Tron est aussi un film culte par sa réalisation, tout simplement extraordinaire à l’époque où il sortait. Jamais jusque-là on n’avait pu voir un univers composé par ordinateur, jamais aussi on n’avait vu de tels effets spéciaux. Le film a demandé le travail de quatre studios américains spécialisés dans les effets spéciaux et a obligé les équipes à inventer directement de nouvelles techniques pour répondre à des problèmes nouveaux. Le projet s’est révélé logiquement plus coûteux que prévu et même si le budget de Tron est aujourd’hui ridicule avec 17 millions de dollars (à comparer aux 150 millions de Tron l’héritage…), c’était déjà une belle somme pour l’époque, même si les deux épisodes de Star Wars sortis à la même époque ont coûté le double. Le résultat est… étonnant. Visuellement, le film a moins bien vieilli que la prélogie de Star Wars que l’on peut considérer de la même époque. La raison est assez simple : George Lucas a fait le choix de caser son univers de science-fiction dans des décors réels. Steven Lisberger était beaucoup plus ambitieux : toutes les scènes tournées dans l’ordinateur ont été créées de toutes pièces. Même si les bonnes vieilles techniques ont toujours cours, notamment pour les éclairages (le fond vert magique utilisé aujourd’hui dans tous les films à grand spectacle n’existait pas encore), une bonne part a été réalisée grâce à l’ordinateur. Les techniques restant limitées, cela se voit et les effets sont tout de même un peu kitsch. Mais le plus étonnant est sans doute l’esprit dessin qui est omniprésent et qui se comprend sans peine quand on sait que Mœbius a participé à la création graphique de l’univers. Le film évoque aussi l’univers de certains mangas ou autres films d’animation asiatiques. L’intégration des personnages, leurs têtes surtout, est assez grossière dans l’ensemble, mais offre du coup un effet original qui fait sens si l’on considère que l’on est dans un univers informatique. Passé le premier choc, on s’habitue vite à cet univers particulier, beaucoup plus original que le prochain Tron. Notons que la bande originale est aussi peu moderne et originale que celle composée par les Daft Punk. Un choix surprenant, mais qui est pour le coup plutôt un bon choix par rapport à une musique des années 1980 qui aurait, elle aussi, bien mal vieilli.

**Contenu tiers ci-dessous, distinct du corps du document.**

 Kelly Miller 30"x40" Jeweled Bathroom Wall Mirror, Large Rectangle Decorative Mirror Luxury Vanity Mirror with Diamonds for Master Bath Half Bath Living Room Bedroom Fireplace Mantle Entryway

Critiquer à la fin 2010 un film de science-fiction sorti en 1982 est un exercice périlleux. Faut-il le juger à l’aune de nos critères cinématographiques actuels, auquel cas Tron apparaît un film vieillot et bien peu intéressant, ou fait-il au contraire se replacer dans le contexte original où Tron était au contraire un film moderne et sans doute déjà trop complexe pour un grand public qui l’a plutôt boudé (le film n’ayant rapporté « que » 30 millions) ? (Re)voir aujourd’hui Tron est surtout intéressant pour juger de Tron l’héritage : à une époque où l’informatique est entrée dans les mœurs et où même le plus simple des téléphones est encore beaucoup plus puissant que tout ce que l’on pouvait imaginer pour le premier Tron, que reste-t-il à cette franchise ? La question est posée et j’ai personnellement hâte de trouver une réponse avec le film de Joseph Kosinski. En attendant, Tron reste un classique de la science-fiction au cinéma et le film se regarde encore sans déplaisir, même s’il accuse un peu le poids des années.
Et joyeux Noël à tous !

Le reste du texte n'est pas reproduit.